Anna makes a suggestion: ‘I plan to get the key members of the team together to try and build a list of all the items and work that need doing to deliver the project. I think this will give us a very useful view of the project and a much better idea of the way the budget and the time should be split amongst those jobs. I’d very much like you to sit in on that – is that OK with you?’
‘Fine. When shall we do it?’
‘I’ll sort something out’. Anna leaves this and her perfume hanging in the air as she departs to arrange the meeting.
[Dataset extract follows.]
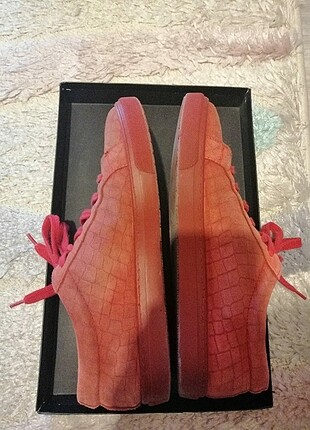 42 Beden kırmızı Renk Zuma marka 43 numara erkek ayakkabısı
Anna realises that Mike has displayed a very common characteristic within project teams. His main interest on the project is the weighing devices. To him this is the major challenge and he is happy dealing with it. For her, this is a technical issue that does of course need to be eventually resolved but is not yet worth thinking much about. Right now it is more important to set a timescale for the design of the weighing devices, make sure that suitable people are assigned to the activity and perhaps raise a risk that it might be the cause of technical problems but please, let’s not spend time on the technical detail just yet. Mike wants to spend all of his time in his comfort zone.
Mike Rovone’s type is a danger to any project – in his mind the whole project team should devote time to solving the weighing problems. He is not interested nor comfortable with all the other issues and challenges. If he were allowed his freedom he would arrive at the planned completion date with a perfect weighing system and absolutely nothing else to hang it on. No trolley, no communications, no project reports and absolutely no kudos for the project team.
Anna realises she must address this problem and get the point over to her sponsor gently but quickly.